As most statisticians, data analysts and data scientists will admit,most of the time spent implementing an analysis is devoted to cleaning or wrangling the data itself, rather than to coding or running a particular model that uses the data. According to O’Reilly’s 2016 Data Science Salary Survey, 69% of data scientists will spend a significant amount of time in their day-to-day dealing with basic exploratory data analysis, while 53% spend time cleaning their data. Data wrangling is an essential part of the data science role — and if you gain data wrangling skills and become proficient at it, you’ll quickly be recognized as somebody who can contribute to cutting-edge data science work and who can hold their own as a data professional.
To sum it all up: take messy, incomplete data or data that is too complex and simplify and/or clean it so that it’s useable for analysis — and you’ll have done data wrangling.
In this guide, we’ll illustrate with the help of examples some popular Pandas techniques that you may use to make the data wrangling process easier. We’ll ensure that you feel comfortable enough with the tools and techniques involved in data wrangling such that you become an expert data wrangler yourself!
Data Wrangling With Pandas
Pandas is one of the most popular Python library for data wrangling. In this example we’ll use Pandas to learn data wrangling techniques to deal with some of the most common data formats and their transformations. We’ll be playing with Pandas dataframes which are structured as tables where you can use Python code to easily manipulate the rows and columns.
You can get started with Pandas by reading Julia Evans’ Pandas Cookbook (which also has examples of how to use Pandas to solve data problems) and by understanding the basics of Python. You can use Anaconda and this video tutorial to get started with an interactive and intuitive Python environment that will allow you to interact with Pandas easily, even if you’ve never coded before!
We’ll use the ‘train.csv’ provided for Kaggle’s Titanic: Machine Learning from Disaster as our experimental dataset. You can download it and follow along if you’d like.
Let’s read the data as a Pandas dataframe and explore it.
Dropping missing or null values in the dataset.
Often data that you’ll work with will have some missing data points. It is important to understand how to deal with missing data. As you learn more data science/statistics, you’ll learn about data imputation. Here, we’ll learn to find missing data points and then we’ll drop those points from the dataset so as not to affect our analysis with bias: an important part of data wrangling and data cleaning. We’ll try to find which columns in ‘train.csv’ contain missing values and drop those missing values so you’ll have tidy data. You’ll want to type out the input in In , or use the version saved in the repository to follow along.
As we can see from the output, the columns ‘Age’, ‘Cabin’ and ‘Embarked’ contain missing or null values as they’ve indicated that the statement if there are any null values in the column is TRUE. We’d like to drop all the rows with missing values.
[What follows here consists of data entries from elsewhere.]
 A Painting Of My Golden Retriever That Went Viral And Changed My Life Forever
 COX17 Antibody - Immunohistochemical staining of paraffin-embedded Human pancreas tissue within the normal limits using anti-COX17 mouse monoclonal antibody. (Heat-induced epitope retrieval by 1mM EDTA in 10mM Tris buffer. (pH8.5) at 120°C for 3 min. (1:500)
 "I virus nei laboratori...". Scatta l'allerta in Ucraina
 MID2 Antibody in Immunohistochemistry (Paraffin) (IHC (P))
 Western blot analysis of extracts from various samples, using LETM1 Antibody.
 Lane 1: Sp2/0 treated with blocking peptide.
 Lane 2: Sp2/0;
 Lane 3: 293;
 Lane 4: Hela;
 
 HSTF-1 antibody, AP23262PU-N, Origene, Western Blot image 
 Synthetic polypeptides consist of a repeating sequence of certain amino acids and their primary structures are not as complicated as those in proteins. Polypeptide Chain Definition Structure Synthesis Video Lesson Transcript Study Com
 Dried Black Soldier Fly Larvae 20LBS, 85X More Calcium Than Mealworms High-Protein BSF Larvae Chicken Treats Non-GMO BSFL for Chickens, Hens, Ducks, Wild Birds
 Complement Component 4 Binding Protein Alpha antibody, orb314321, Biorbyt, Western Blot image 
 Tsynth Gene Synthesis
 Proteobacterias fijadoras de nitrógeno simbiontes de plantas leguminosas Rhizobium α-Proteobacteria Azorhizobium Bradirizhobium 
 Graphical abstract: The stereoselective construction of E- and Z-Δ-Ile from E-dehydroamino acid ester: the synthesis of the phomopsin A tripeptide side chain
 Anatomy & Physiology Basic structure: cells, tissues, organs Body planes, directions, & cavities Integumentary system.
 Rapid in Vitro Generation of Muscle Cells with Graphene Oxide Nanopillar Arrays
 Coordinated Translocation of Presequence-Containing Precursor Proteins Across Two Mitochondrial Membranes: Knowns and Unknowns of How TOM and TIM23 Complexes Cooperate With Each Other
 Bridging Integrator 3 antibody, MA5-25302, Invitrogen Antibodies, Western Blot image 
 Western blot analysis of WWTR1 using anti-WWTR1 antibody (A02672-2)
As we can see with a quick printout of the first five values in the dataframe, there are some null values (marked “NaN”) in the “Cabin” column. We’ll have to drop those values before doing any serious analysis!
As you can see with this next command, we’ll have dropped PassengerIds 1, 3 and 5 — the null rows we were looking to drop since we had missing information about their cabins!
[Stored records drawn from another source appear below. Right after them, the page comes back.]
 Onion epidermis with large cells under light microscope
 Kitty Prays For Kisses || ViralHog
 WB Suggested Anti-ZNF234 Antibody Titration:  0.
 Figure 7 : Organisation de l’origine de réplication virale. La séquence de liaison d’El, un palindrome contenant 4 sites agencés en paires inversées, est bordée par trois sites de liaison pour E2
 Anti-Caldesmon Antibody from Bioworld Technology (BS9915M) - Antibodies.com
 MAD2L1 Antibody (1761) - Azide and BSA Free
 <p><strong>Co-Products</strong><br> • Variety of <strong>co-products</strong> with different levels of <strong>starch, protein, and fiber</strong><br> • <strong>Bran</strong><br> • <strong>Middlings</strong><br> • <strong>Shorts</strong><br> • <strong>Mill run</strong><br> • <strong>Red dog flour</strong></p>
This sort of data wrangling is very useful for sets of data that are incomplete. You don’t want to bias or make mistakes in your analysis because you’re dealing with incomplete data. For example, you may receive a list of stores and the sales they’ve generated. Perhaps some stores have given you blank or null values, and you want to only calculate averages for those stores with valid entries. You’d have to drop null values in order to do any reliable data analysis. Knowing how to drop values that don’t make any sense only helps strengthen your data analysis skills for situations like this.
During the exploratory data analysis phase you may be interested in working with a subset of data or filtering out parts of data using some criteria. Let’s say you only want to see data points where the ‘Age’ of the person is greater than 30 or the ‘Sex’ is ‘female’.
Let’s start with isolating those rows which have passengers above 30 years of age.
Now, let’s begin with isolating those passengers who are female.
We can also filter data with multiple conditions. Let’s now look at how we’d isolate passengers who were both female AND above the age of 30.
We can use this kind of filtering to do exploratory data analysis on a segment of a population. It can be important to isolate certain traits of a particular group.
In this case, we could find out that your chances of survival (the mean of the Survived column) were above 80% if you were a woman above 30. You should wrangle your data and filter through until you get a representative look at particular segments you’re looking at — perhaps you’ll want to use this technique the next time you compare the difference between website or store visitors who become customers and those who do not.
Let’s move to something more challenging than just being able to filter data. What if we want to understand if the gender of the person had any correlation with the survival of the person? Pandas groupby returns a DataFrameGroupBy object which has a variety of methods. Calling value_count() returns the count of values for each of the unique values for the column.
At a rough glance, it appears that if you’re a male, you would have had a much lower chance of survival than if you were a female.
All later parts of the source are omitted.